The bank added in a semi-annual report that the risks to the economy posed by debt and the housing market remain unchanged at “elevated”, even though the situation appears to have improved over the past six months.
“The level of indebtedness is still elevated, and the bank’s stress test simulations suggest that households are vulnerable to adverse economic shocks,” the bank said in its Financial System Review.
“These imbalances, which built up over many years, will take some time to correct. While a gradual unwinding of imbalances is expected, there is a risk of a sharper correction,” the bank said in the first such report to be published under its new governor, Stephen Poloz.
Canada’s post-recession housing boom, fueled by historically low borrowing costs, has long worried the government and the central bank, which fear Canadians won’t be able to afford their mortgages when interest rates rise.
The housing market began to cool in mid-2012 after Ottawa tightened mortgage lending rules for the fourth time. Official data on Thursday showed new home prices rose a relatively tame 2 percent in the year to April.
Most economists forecast a soft landing for the housing market, while a few still are sounding the alarm on what they see as pending disaster. <CA/HOMES>
Mazen Issa, economist at BMO Capital Markets, said he agreed with the central bank’s view on the trend in housing.
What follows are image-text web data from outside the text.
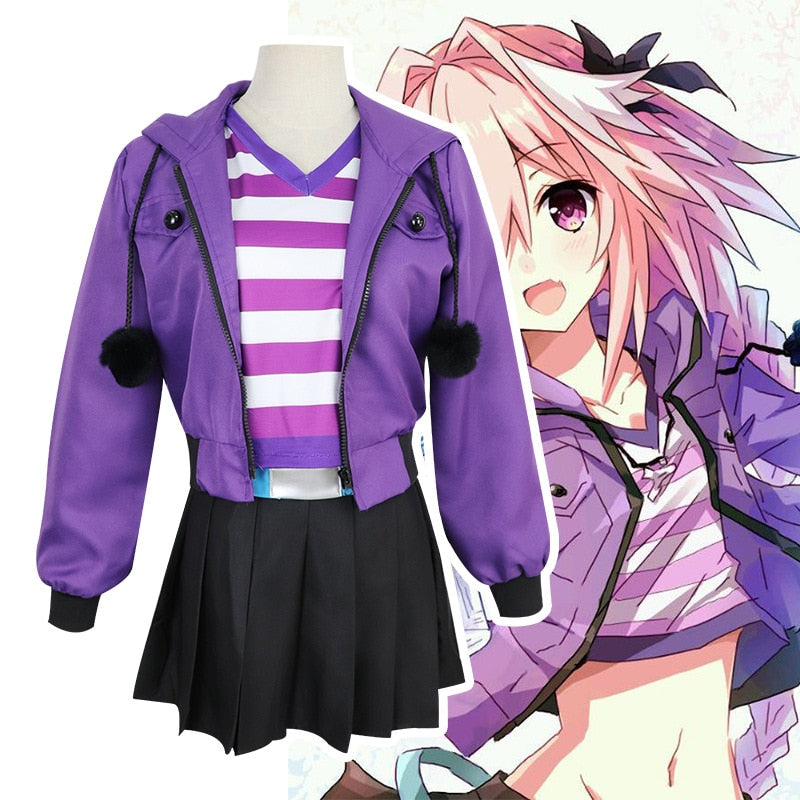 Astolfo Cosplay Set (Casual Purple Set)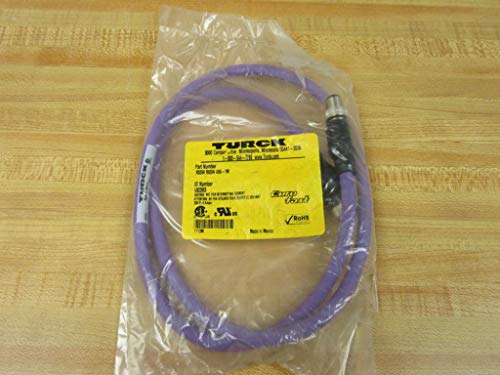 Turck 1 Meter Eurofast 5-Pole M/F Cordset, Rssw Rksw 456-1M, 250V, 4A By Turck #TOP2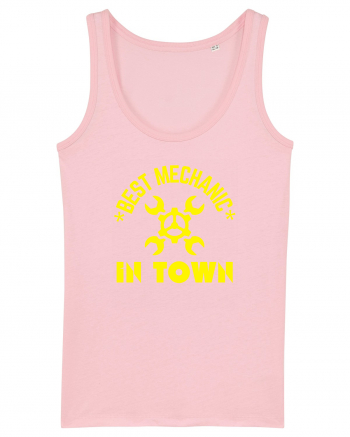 Best Mechanic In Town Cotton Pink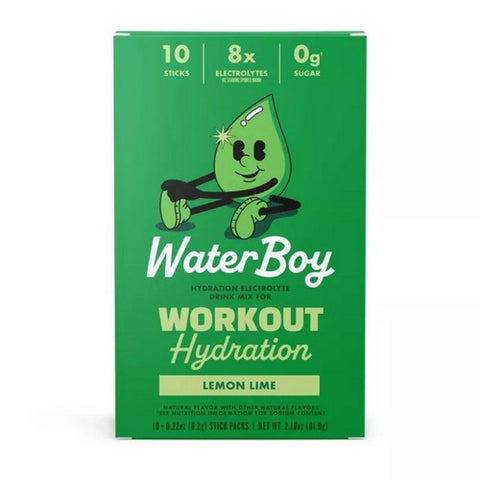 Workout Hydration Lemon Lime 62 Grams by WaterBoy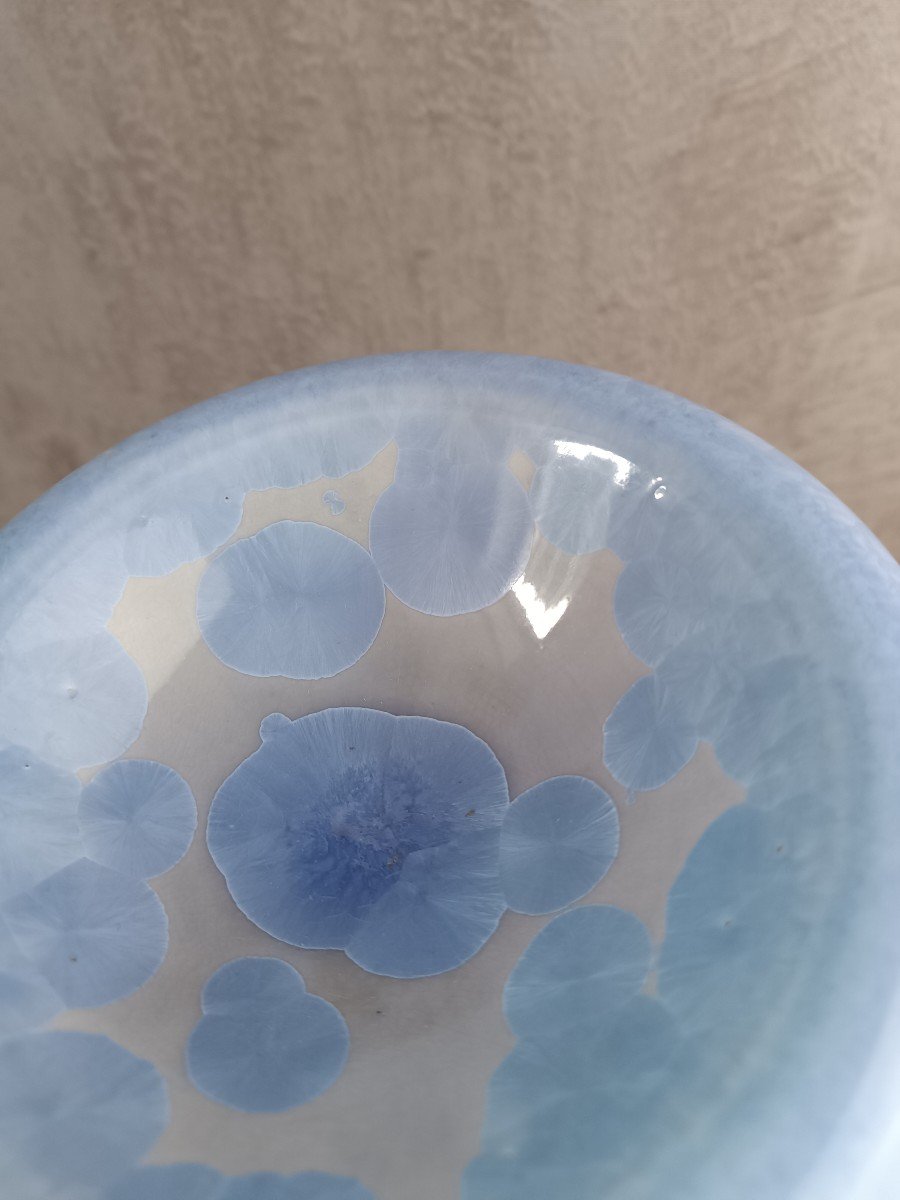 Coupelle Bleue Céramique De Marc Uzan Era Girel Lanusé Guerrier-photo-6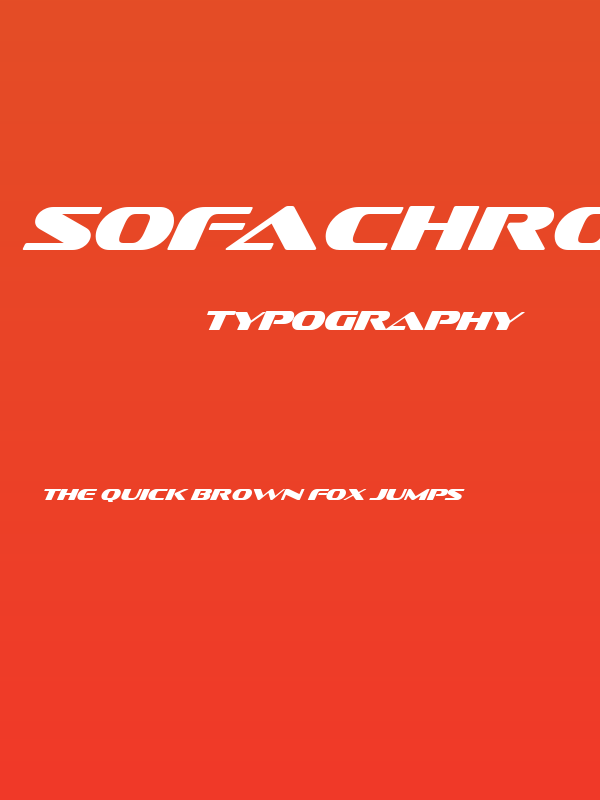 SofachromeRg-Italic Poster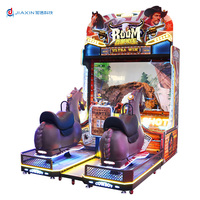 Machine de jeu d'arcade 2 joueurs, simulateur de course de chevaux et de tir, à monnayeur, en métal, pour intérieur, version anglaise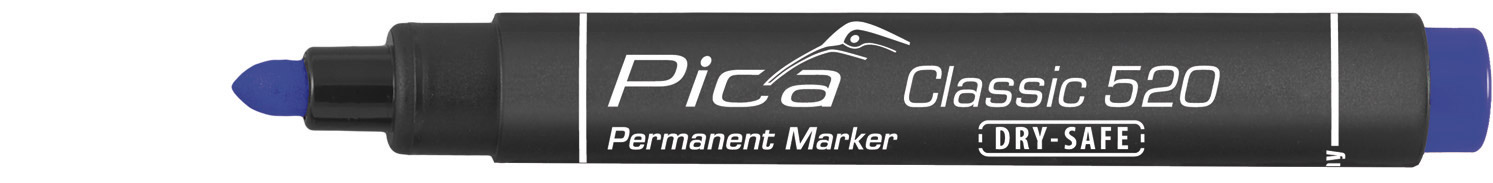 Marqueur pica classic 520 permanent ogive bleu PICA - 52041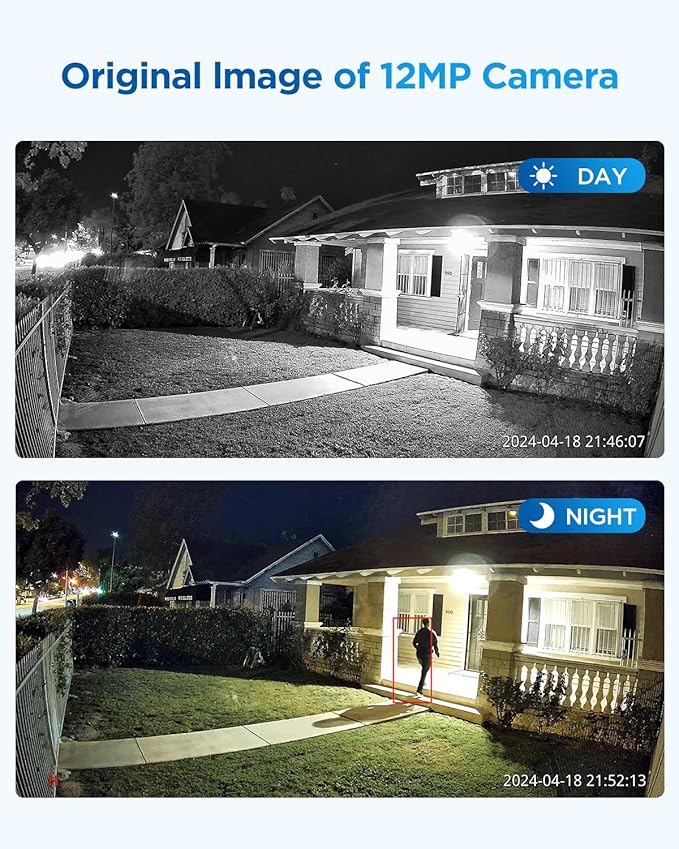 4COVR 12MP Security Camera System 16 Channel for Business, 12X 12MP Wired PoE IP Dome Cameras IP67, 2-Way Audio, Person Vehicle Detection & Smart Color Night Vision, UltraHD NVR 4TB HDD, LY97KAAM1612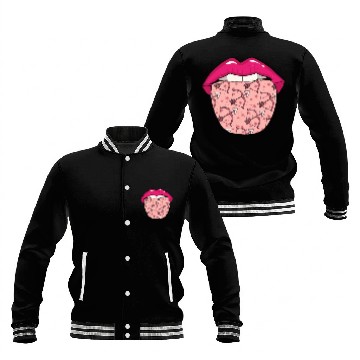 Discover Archery Tongue Baseball Jackets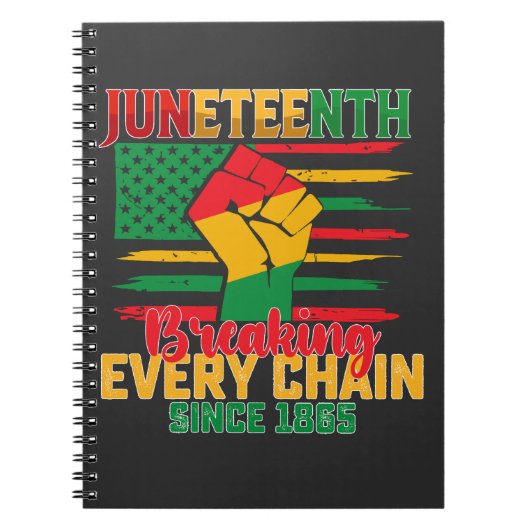 Juneteenth bricht jede Kette seit 1865 Notizblock (Vorderseite)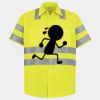 Men's High Visibility Safety Short Sleeve Work Shirt Thumbnail
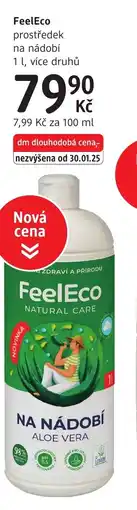 dm drogerie FeelEco prostředek na nádobí nabídka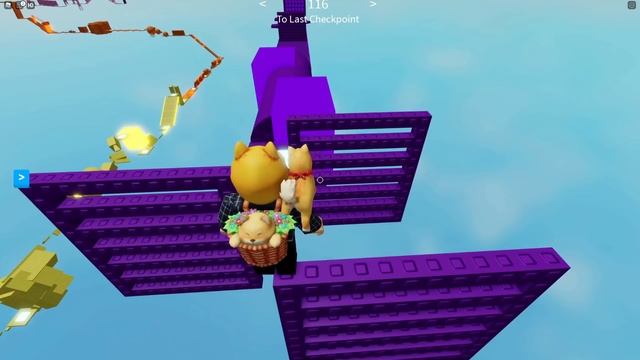 УЧУ СТРАДАТЬ БЕЗ ПРОБЕЛА! Roblox No Jumping Difficluty Obby смотреть онлайн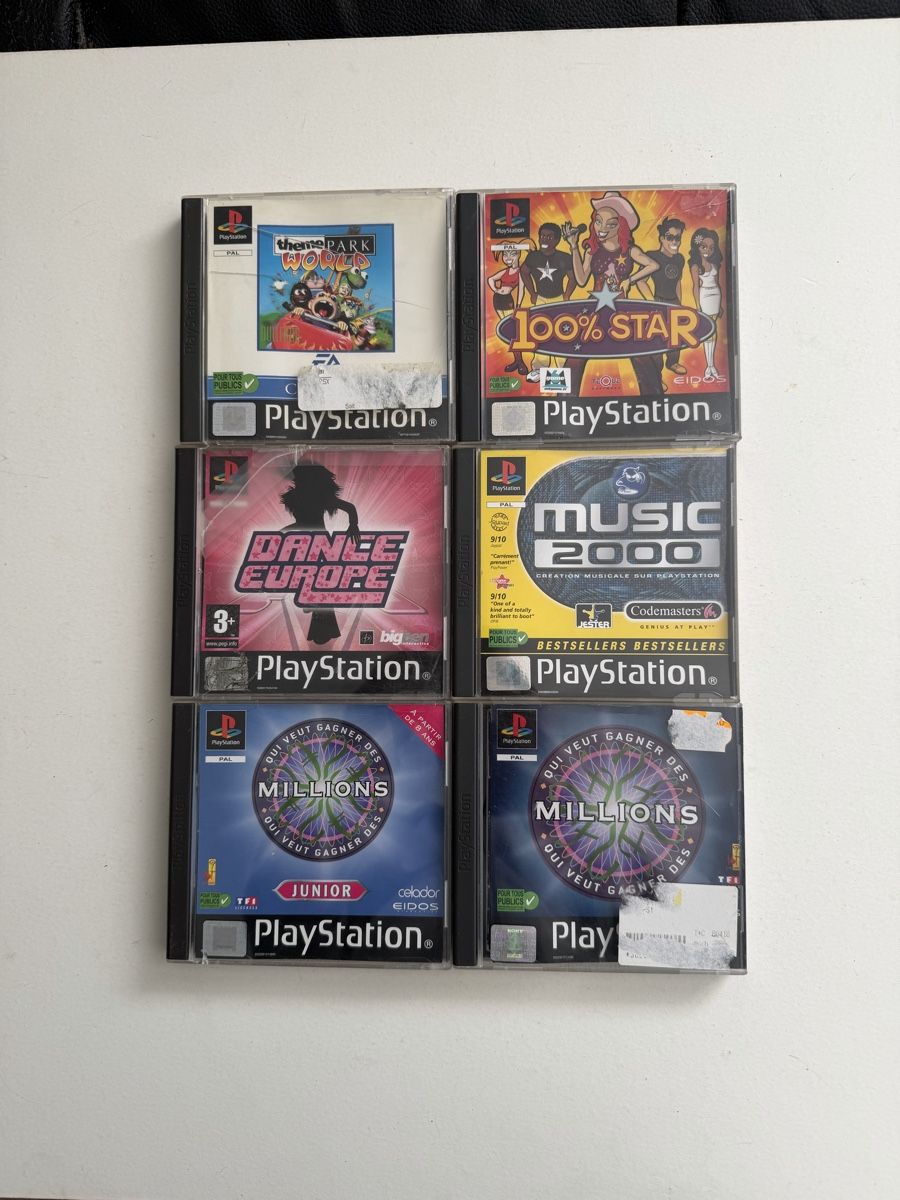 Spiele: Lot 6 jeux PlayStation 1 – Gebraucht aus Genève von sho_67qj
“Some of the work we have done suggests that the impact of tighter mortgage regulations is only transitory; nonetheless, we see the housing market as stabilizing over the balance of the year and construction activity growing more in line with demographic fundamentals,” he said in a note to clients.
The Bank of Canada report said overall risks to the Canadian financial system have diminished but still remain “high”, the same risk classification it designated six months ago.
The highest risk level of “very high” was reserved for the euro-area crisis, although the bank said that was down slightly due to the policies of the European Central Bank.
The No. 1 domestic risk comes from household finances and the housing market.
Since the bank’s last assessment in December, household debt accumulation has slowed, housing resale activity and starts have moderated, and prices have stopped rising in most major cities.
However, the bank pointed to stretched housing valuations in some areas and signs of overbuilding in the condo market. The imbalances “will take some time to correct” and should unwind gradually, it said, though there is a risk of a sharper correction.
The household debt-to-income ratio will likely remain near the current record high 165 percent this year, the bank forecast.
The report also contained an analysis of Canada’s small shadow banking sector, which will come under closer scrutiny as new financial regulations come into force.
Some areas warrant focused monitoring, the bank said, including the strong growth in securitization of insured mortgages.
The shadow banking sector, which includes financial intermediation activities done by hedge funds and private capital funds, has been growing since the financial crisis of the last decade and stood at $67 trillion worldwide last year, according to the Financial Stability Board, the global task force for financial reform.
The FSB is expected to make proposals on how to regulate this area of the financial sector before the G20 autumn summit in Russia, where the issue will be debated.